Meridian Project Summary
Interactive distributed applications (IDAs) are those that involve direct interaction
with users and whose processing and data components are distributed across a network.
Examples of IDAs include distributed data management systems, on-board driver/pilot
navigation assistance systems, computer-supported cooperative work environments, distance
education tools, and a variety of public safety systems. The increasing interest in IDAs
is fueled by several factors, including the advent of the World-Wide Web, the development
of new middleware technologies, the introduction of scripting languages for graphical user
interfaces, and the availability of new network services and protocols.
Three characteristics of IDAs complicate their development. First, IDAs usually
interact with other independent systems, including one or more human users. Verification
of the system functionality requires extensive experimentation and testing. Second, IDAs
typically comprise multiple levels of concurrent communicating components, creating the
potential for race conditions, deadlock, and starvation. Informal reasoning about
correctness and performance of concurrent systems is difficult and prone to error.

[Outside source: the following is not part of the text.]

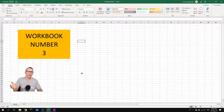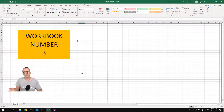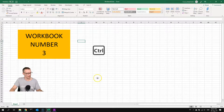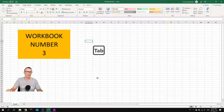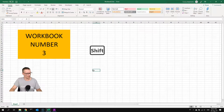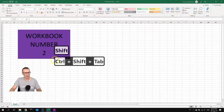To go backwards in our workbooks, we can press Ctrl+Shift+Tab. So Ctrl+Shift+Tab will go backwards.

Third,
IDAs typically incorporate existing software modules to implement communication protocols,
manage distributed resources, and display data to the user. An IDA developer should be
able to browse reuse repositories, reason about component interaction, and validate a
component's ability to satisfy requirements. As the demand for IDAs grows, and as they
become increasingly complex, there is a need to automate various activities in their
construction and maintenance. Automated software techniques can potentially improve both
the quality of the resulting products and productivity of developers.
The proposed project involves the integration and validation of Meridian, a collection
of tools designed to help automate the development of IDAs. Collectively, these tools will
support diagram-based modeling, rigorous correctness analysis, software reuse, automated
code generation, and software visualization. Moreover, they will interact with one another
through explicit design representations with formally defined semantics, enabling
requirements to be traced from high-level models to low-level code. (See Diagram for Meridian Vision)
The Meridian project will be conducted on an NSF-supported mobile/distributed computing
testbed and will involve three experimental components. First, the construction of the
Meridian toolkit itself is a proof-of-concept endeavor demonstrating that a set of
existing tools can be integrated to support all phases of IDA development. Second,
Meridian will be accessible only through a set of coordinated interfaces that support user
input capture, thus enabling the recording of each step of the development process for
purposes of traceability and reproducibility of development results. Third, in order to
validate the Meridian toolkit and facilitate technology transfer, case studies of three
different classes of IDAs will be conducted using projects supplied by industrial
partners.
The Meridian project will leverage on multidisciplinary precursor research in software
engineering, formal methods, interactive systems design, distributed systems, and
networking. By constructing a single development framework for a specific class of
applications, in which tools for different phases interact via consistent representations,
the Meridian project can address several critical issues that do not arise when studying
individual phases of development: tracing requirements through design, implementation, and
testing; visualizing consistent models of component behavior; supporting software reuse
across different levels of abstraction; and incorporating performance feedback from
testing into formal specifications. These capabilities can fundamentally improve the way
in which IDA software is developed and maintained. Moreover, Meridian can serve as a model
for software development in other application domains.